§ **Directions**
Every entry below should be reproduced exactly; no picture is to be included.

§ **Saved entries**
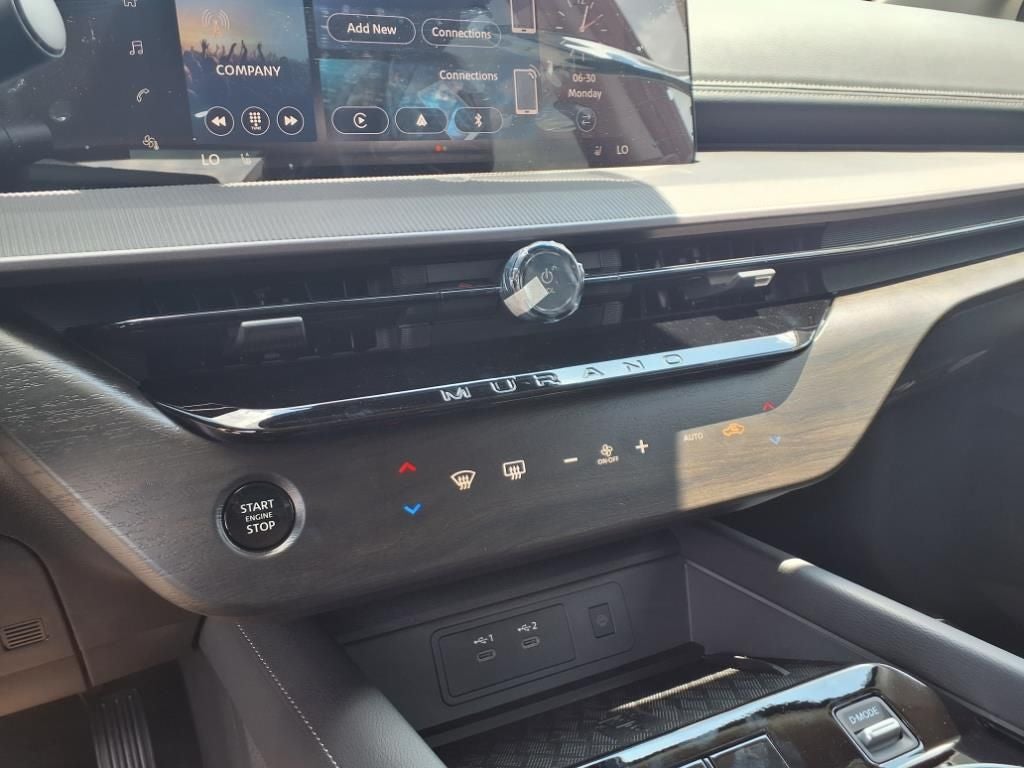 2025 Nissan Murano SV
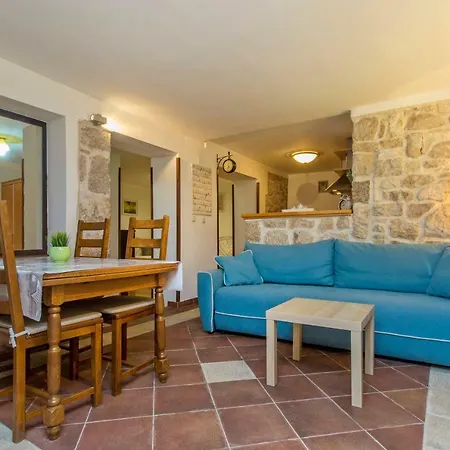 Ivan Center Apartamento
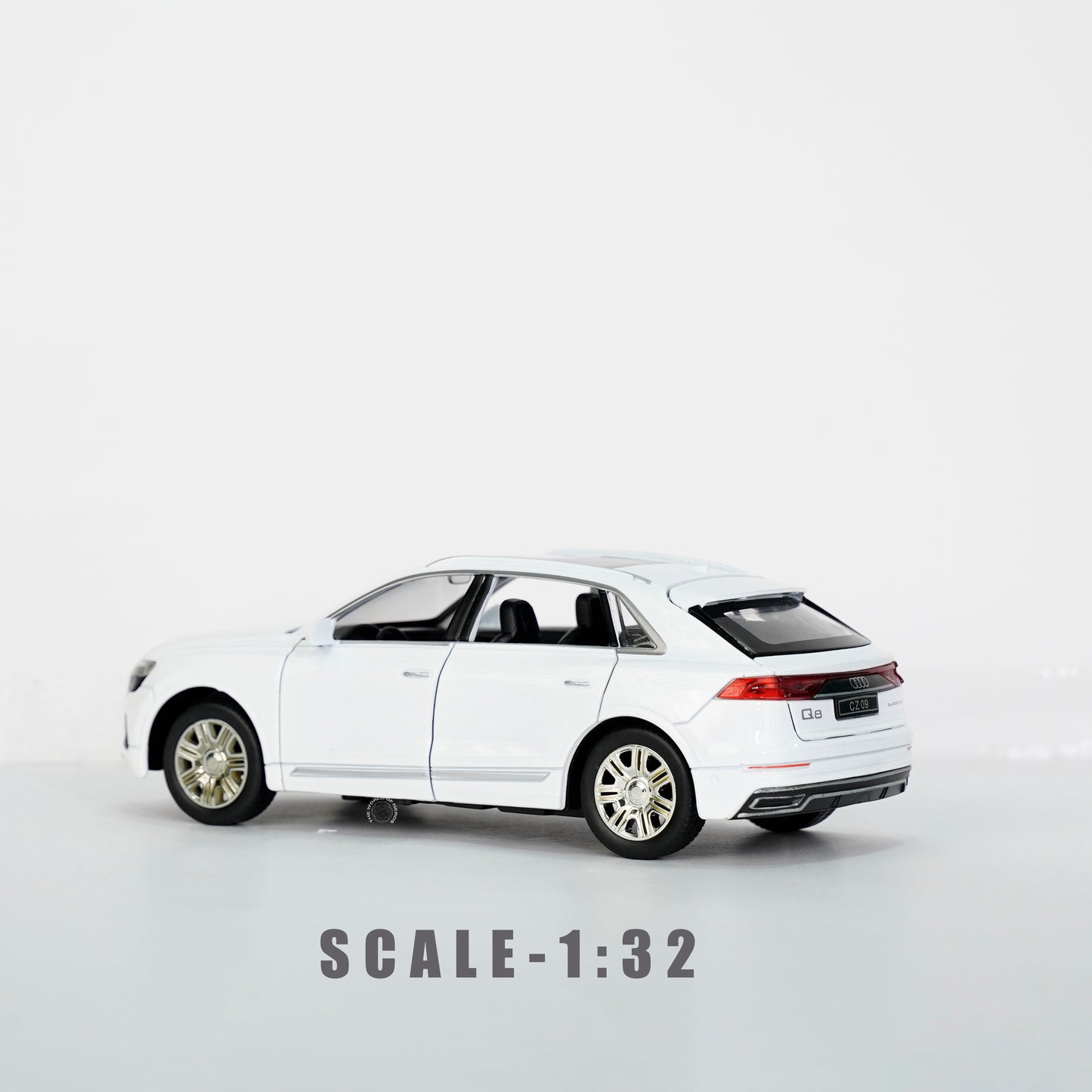 WHITE-AUDI Q8 SCALE - 1:24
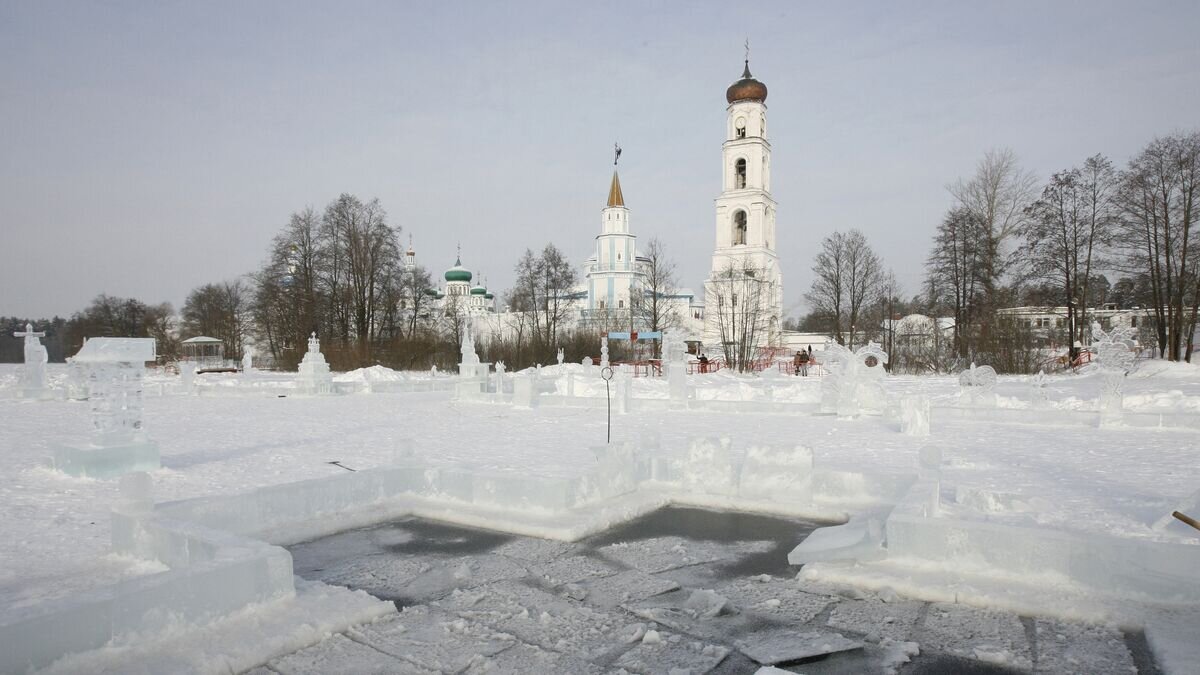    Создание ледяного городка к празднику Крещения Господня© РИА Новости / Максим Богодвид
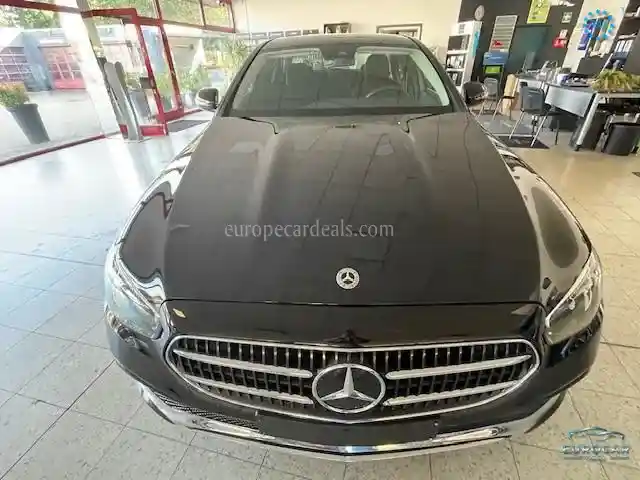 Mercedes-Benz E 300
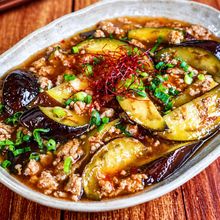 【ひき肉とナスのピリ辛とろとろ中華煮】ごはんが進む♪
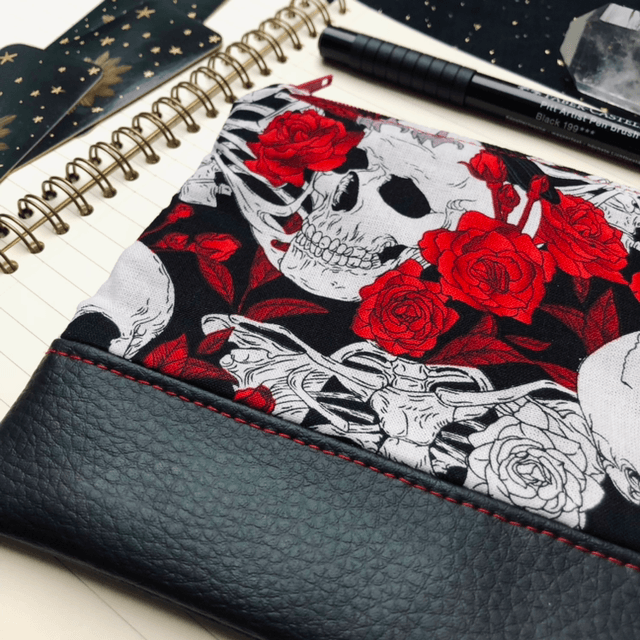 Trousse - Gothic Skull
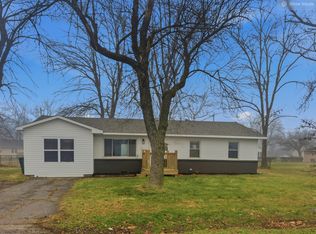 805 S Rollins St, Centralia, MO 65240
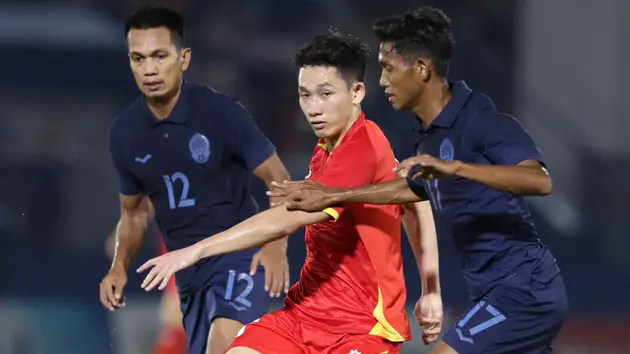 HLV Kim Sang Sik n&oacute;i l&yacute; do kh&ocirc;ng d&ugrave;ng cầu thủ trẻ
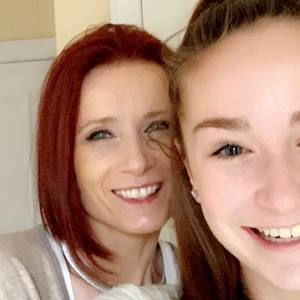 Meet your Posher, Ewa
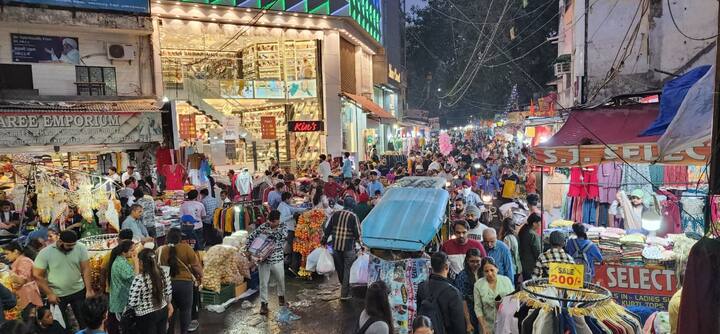 इसके अलावा आज पूजा के सामान, प्रसाद के लिए लड्डू-मिठाईयां, फूल-माला और सजावट के सामान भी खूब बिक रहे हैं.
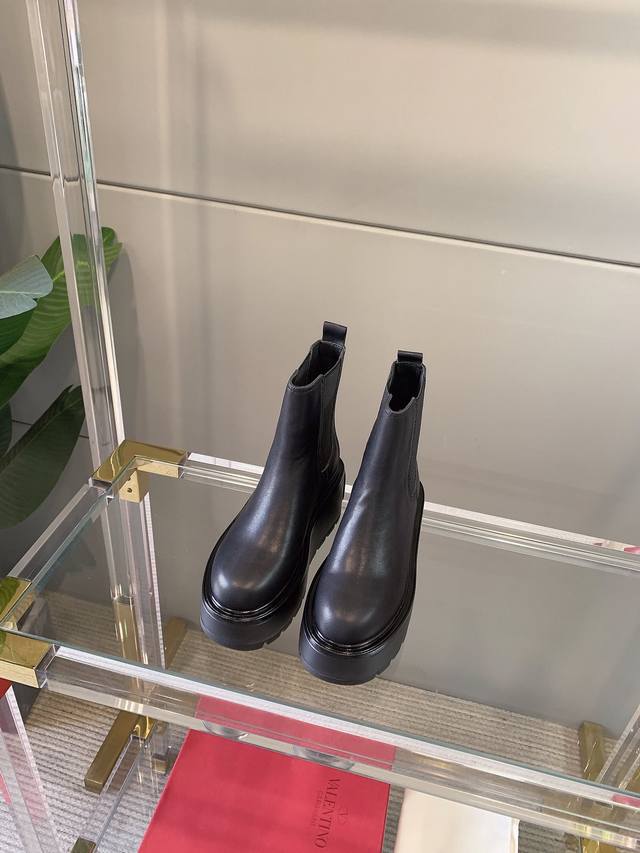 出厂价p Valentin*新款厚底大Logo踝靴 鞋面原版小牛皮 内里垫脚牛皮 原版开模成型底 码数35-39 34 40 41定做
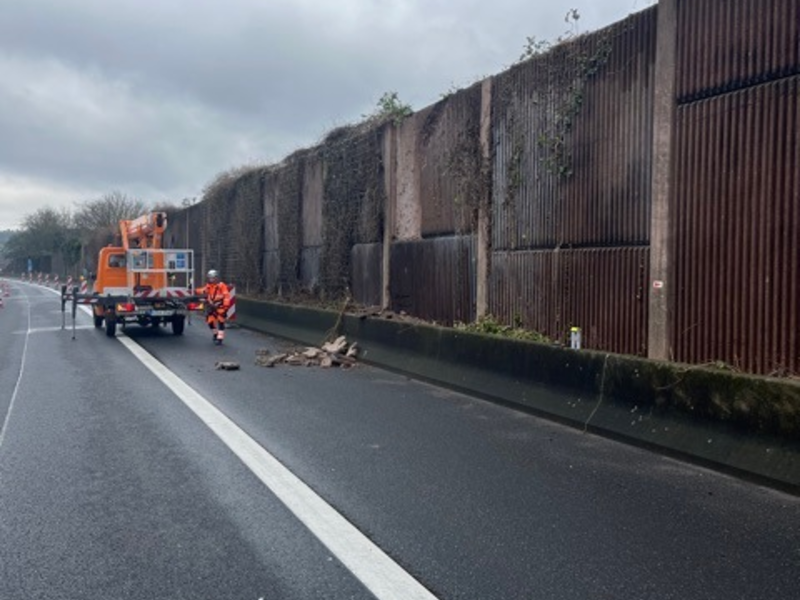 POL-OF: Vorübergehende Fahrbahnsperrung: Trümmerteile einer Lärmschutzwand fielen herab - Foto: presseportal.de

§ **Task output**
 2025 Nissan Murano SV
 Ivan Center Apartamento
 WHITE-AUDI Q8 SCALE - 1:24
    Создание ледяного городка к празднику Крещения Господня© РИА Новости / Максим Богодвид
 Mercedes-Benz E 300
 【ひき肉とナスのピリ辛とろとろ中華煮】ごはんが進む♪
 Trousse - Gothic Skull
 805 S Rollins St, Centralia, MO 65240
 HLV Kim Sang Sik n&oacute;i l&yacute; do kh&ocirc;ng d&ugrave;ng cầu thủ trẻ
 Meet your Posher, Ewa
 इसके अलावा आज पूजा के सामान, प्रसाद के लिए लड्डू-मिठाईयां, फूल-माला और सजावट के सामान भी खूब बिक रहे हैं.
 出厂价p Valentin*新款厚底大Logo踝靴 鞋面原版小牛皮 内里垫脚牛皮 原版开模成型底 码数35-39 34 40 41定做
 POL-OF: Vorübergehende Fahrbahnsperrung: Trümmerteile einer Lärmschutzwand fielen herab - Foto: presseportal.de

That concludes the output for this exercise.